文摘Objective The aim of this study was to explore the clinical efficacy and toxicity of a combination aprepitant and palonosetron hydrochloride therapy in preventing chemotherapy-induced nausea and vomiting associated with a cisplatinum-based regimen in patients with lung cancer. Methods Sixty-eight patients with lung cancer were randomly assigned to receive either aprepitant plus palonosetron hydrochloride(group A, n = 38) or tropisetron(group B, n = 30).
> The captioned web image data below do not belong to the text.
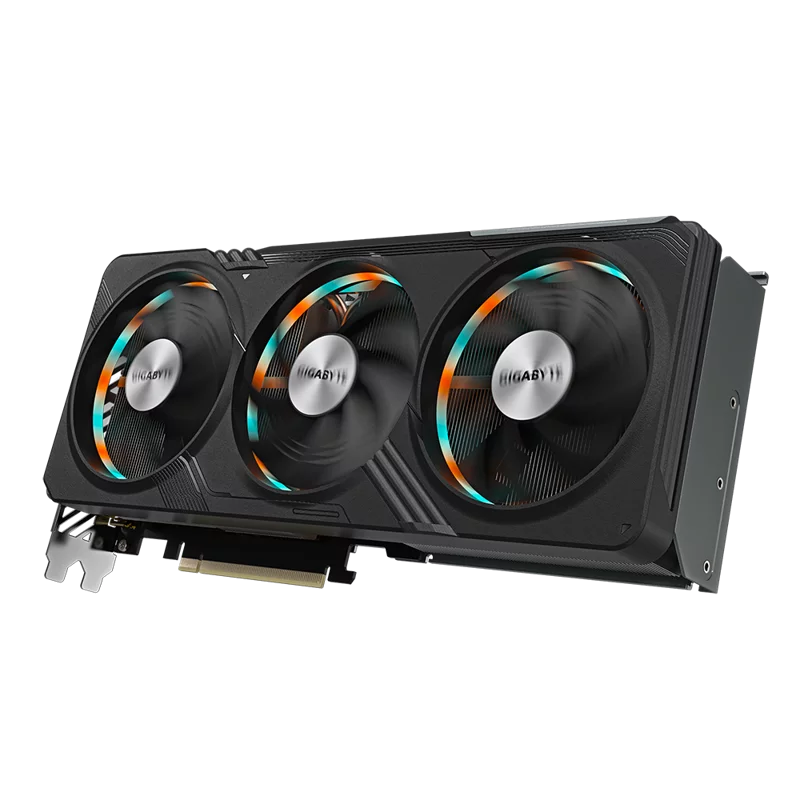 Видеокарта/ VGA GIGABYTE NVIDIA GeForce RTX 4070 TI SUPER GAMING 16G 16GB, GDDR6X/256-bit, PCIe 4.0, 1xHDMI 2.1a, 3xDP, 3-slot (GV-N407TSGAMING-16GD)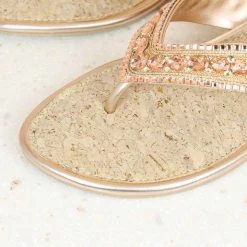 Inc.5 SALE EMBROIDED FLAT THONG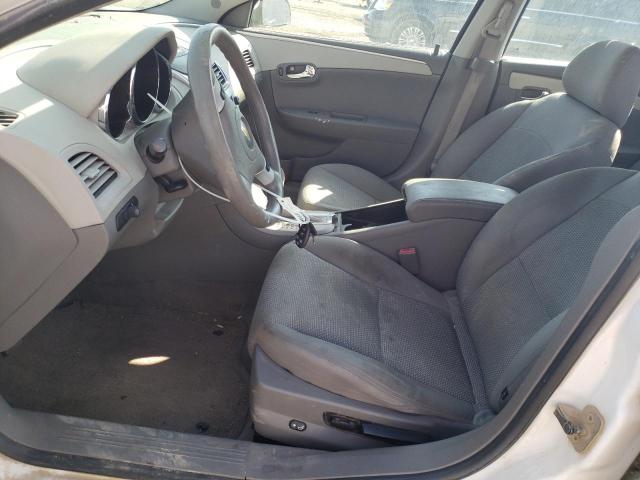 1G1ZC5E0XCF145285 - 2012 CHEVROLET MALIBU 1LT WHITE photo 7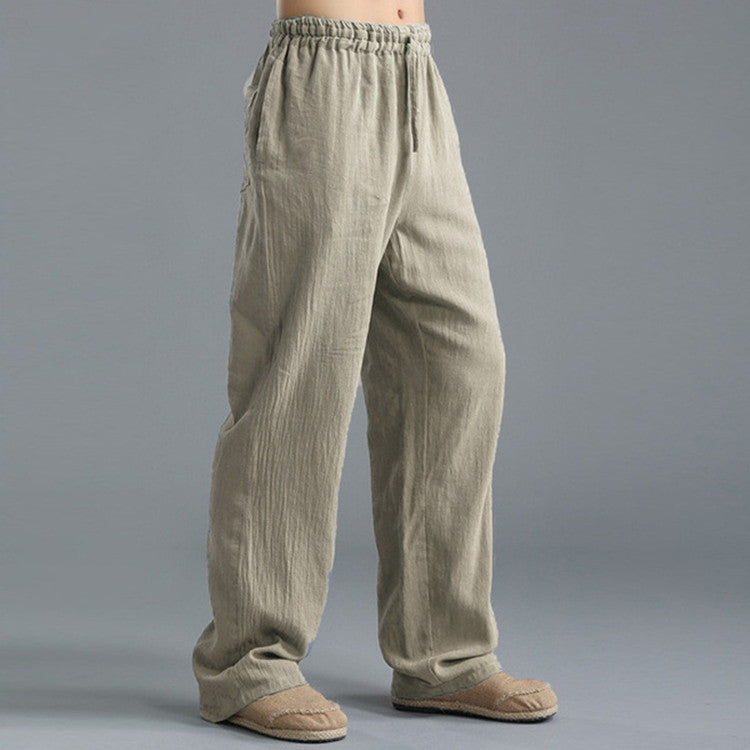 Rod – Breathable Linen Loose Casual Sports Pants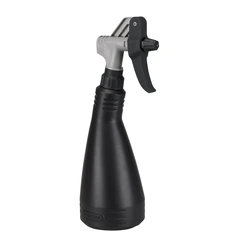 SPRAYFLASKE INDUSTRI 750ML SORT Dobbeltvirkende - Pressol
Acute(0–24 h) and delayed(2–5 d) emetic episodes, nausea, vomiting, constipation, and dizziness were compared between the two groups in the five days following cisplatinum-based chemotherapy.Results Group A had a higher complete control rate for both acute and delayed emetic episodes than Group B(36.8% vs. 13.3% and 31.6% vs. 13.3%, respectively; P < 0.05 for both). There was no significant difference in the constipation rate between the two groups. Conclusion Aprepitant combined with palonosetron hydrochloride is active and well tolerated in both acute and delayed emetic episodes in patients with lung cancer treated by a cisplatinum-based regimen.